Adhi juga mengingatkan agar pemerintah mewaspadai lonjakan impor produk makanan dan minuman pada Ramadan dan Lebaran 2017. Pasalnya, lonjakan permintaan terjadi pada saat momentum tersebut.

“Kemudian saat Natal dan Tahun Baru juga biasanya meningkat. Industri dalam negeri tetap antisipasi tapi memang daya saing Indonesia masih kalah dibanding negara tetangga, terutama Thailand, Malaysia, Vietnam,” tuturnya.

Menurut dia, impor produk makanan dan minuman terbesar masuk dari Thailand dan China. Selain karena bersaing, dari sisi harga produk impor tersebut lebih murah. Produk impor dari kedua negara biasanya berupa bumbu-bumbuan, mi, biskuit, minuman.

“Kita kalah dari sisi harga. Mereka packaging murah, gula murah, bahan baku murah sehingga Indonesia harus berjuang bagaimana menurunkan bahan baku agar lebih murah dan lebih lancar,” ujarnya.

Dirjen Ketahanan dan Pengembangan Akses Industri Internasional (KPAII) Kementerian Perindustrian (Kemenperin) Harjanto mengatakan, bahan baku dan bahan baku penolong harus mendapat prioritas agar industri di dalam negeri dapat membangun nilai tambah.

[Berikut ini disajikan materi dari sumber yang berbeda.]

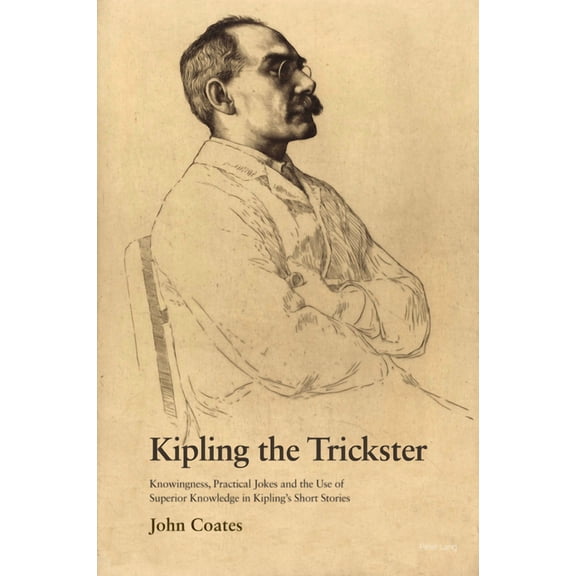 Kipling the Trickster: Knowingness, Practical Jokes and the Use of Superior Knowledge in Kipling's Short Stories (Paperback)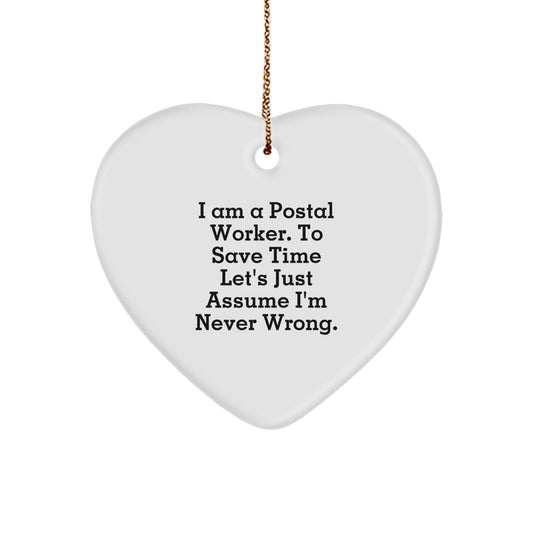 Funny Postal Worker Gifts - Heart Ornament for Friends, Coworkers, and Family - 'I Am A Postal Worker. To Save Time...' - Image 1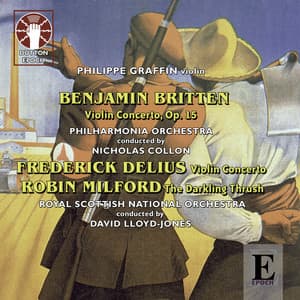 Delius, Britten & Milford: Violin Concertos - Philippe Graffin
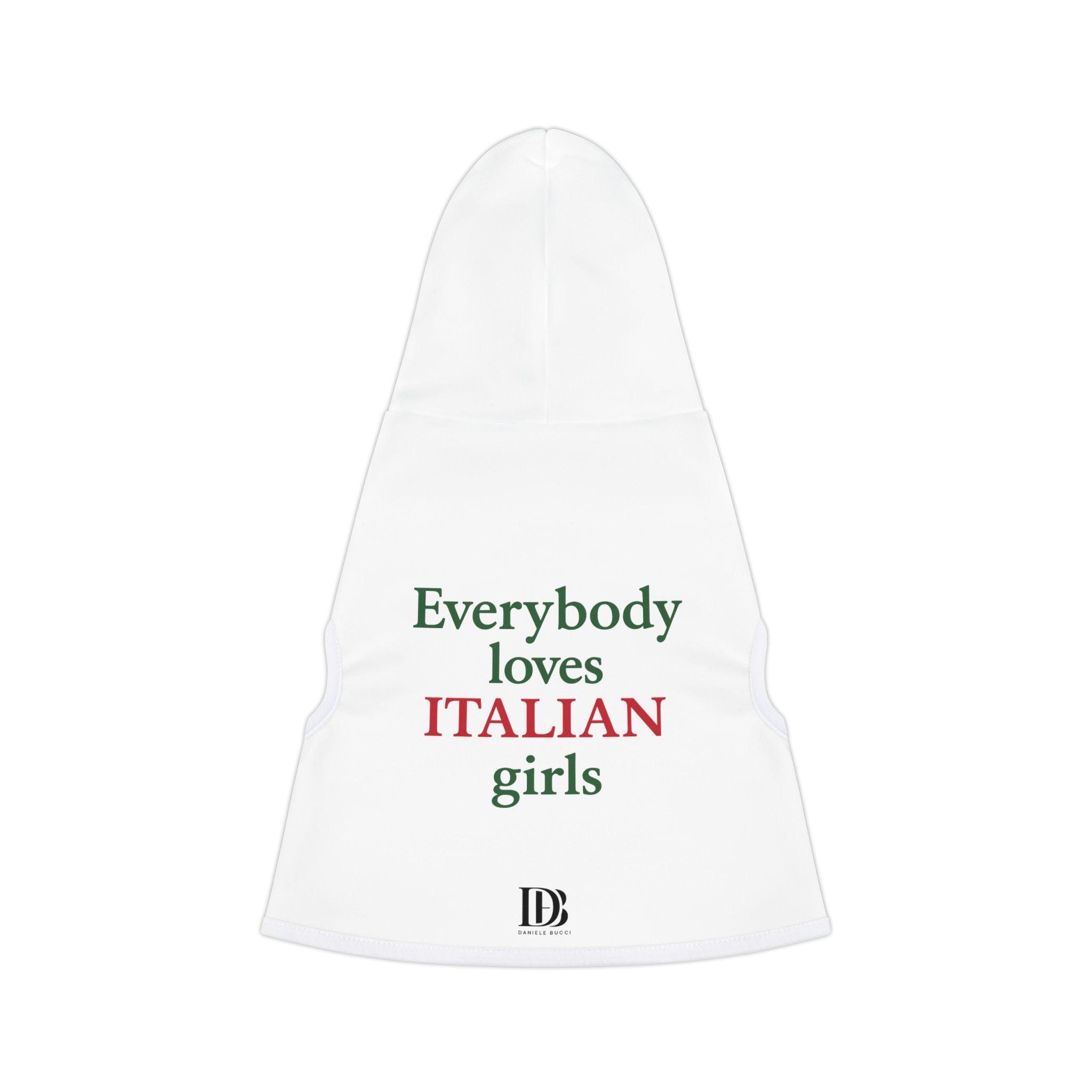 Everybody Loves Italian Girls Pet Hoodie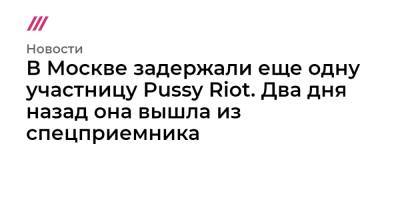 В Москве задержали еще одну участницу Pussy Riot. Два дня назад она вышла из спецприемника
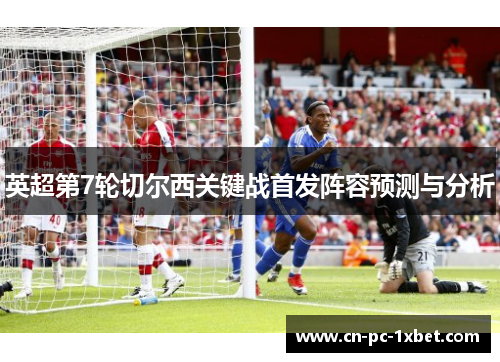 英超第7轮切尔西关键战首发阵容预测与分析 英超第7轮切尔西关键战首发阵容预测与分析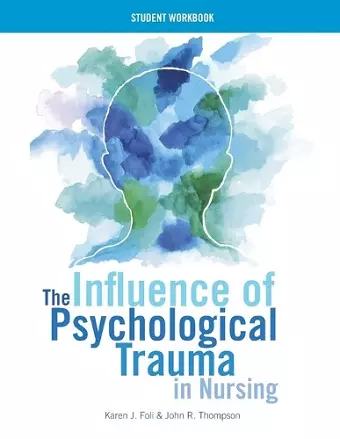 WORKBOOK for The Influence of Psychological Trauma in Nursing cover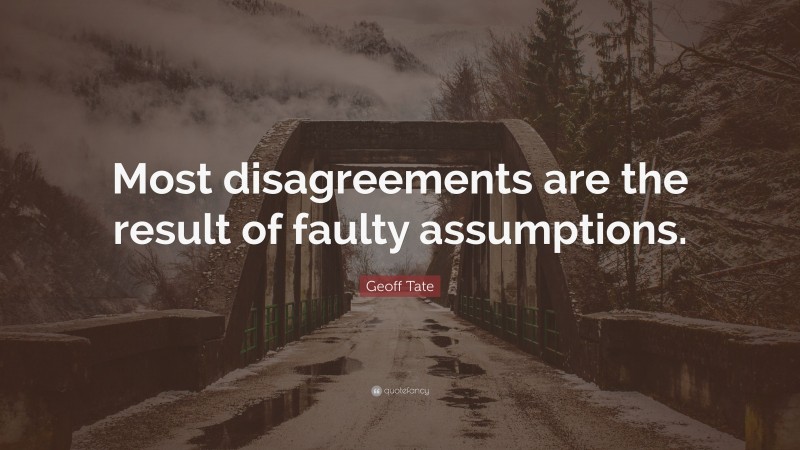 Geoff Tate Quote: “Most disagreements are the result of faulty assumptions.”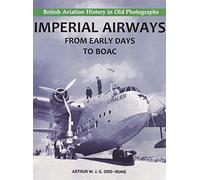 Imperial Airways - From Early Days to BOAC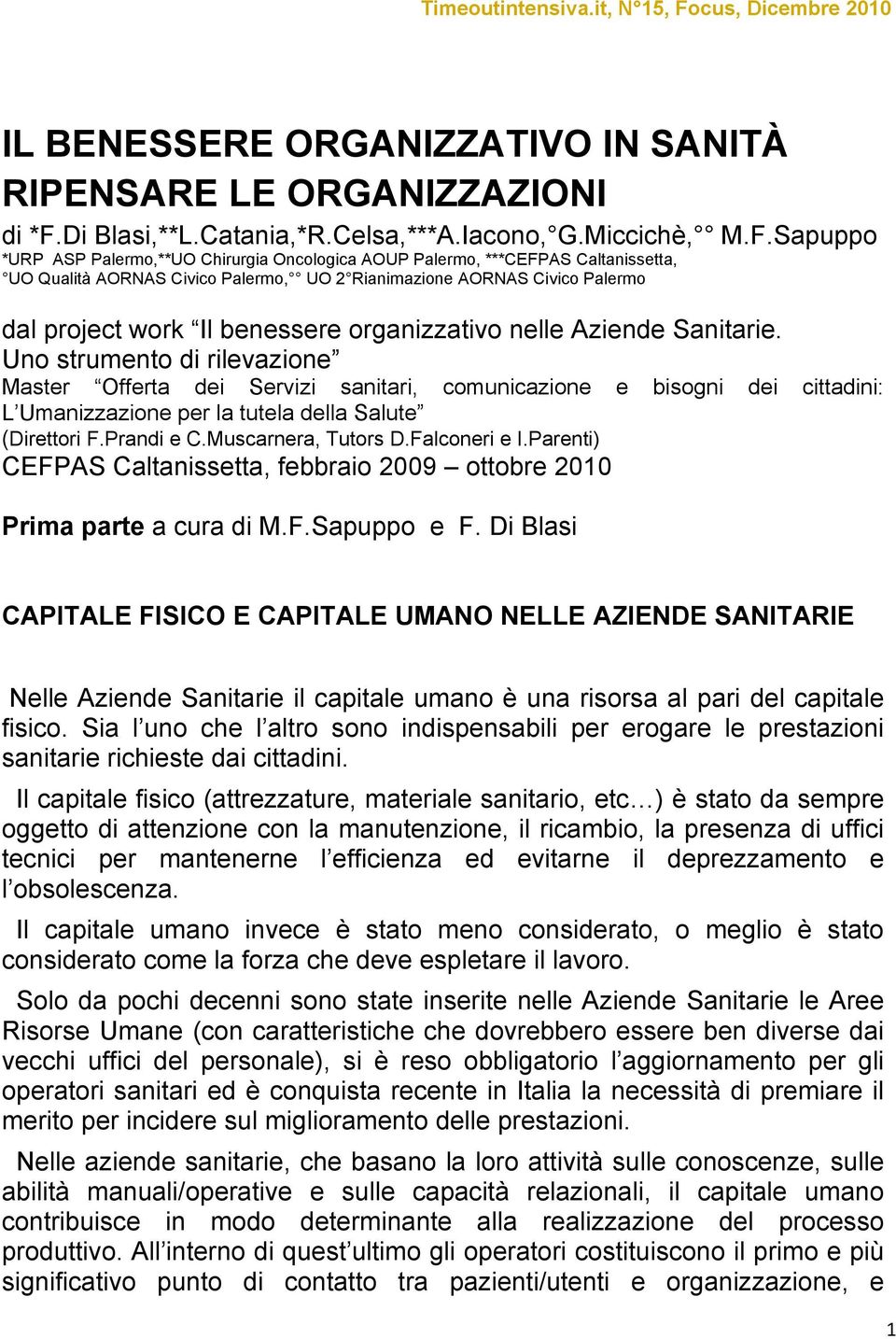 Di Blasi,**L.Catania,*R.Celsa,***A.Iacono, G.Miccichè, M.F.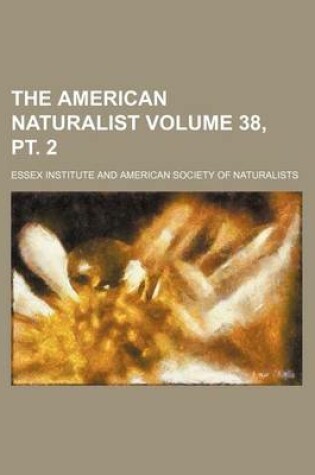 Cover of The American Naturalist Volume 38, PT. 2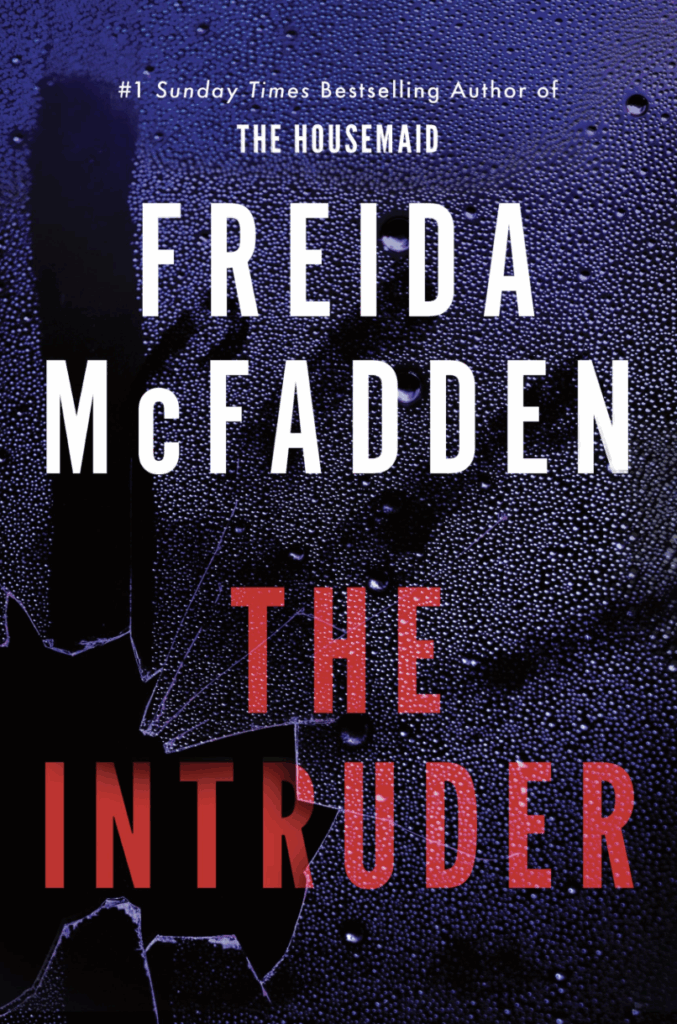 The Intruder by Freida McFadden - Katie Rebekah Book Review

“Kami selektif, tidak semua bahan baku dibuka, misalnya produk gula. Kami mengharapkan tarif bea masuknya dengan negara tertentu lebih fleksibel, tidak fix permanen. Di sisi lain, kami ingin memberikan kesempatan kepada sektor pertanian dalam negeri, kalau siap bisa berkembang dan berkontribusi terhadap industri nasional,” ujarnya.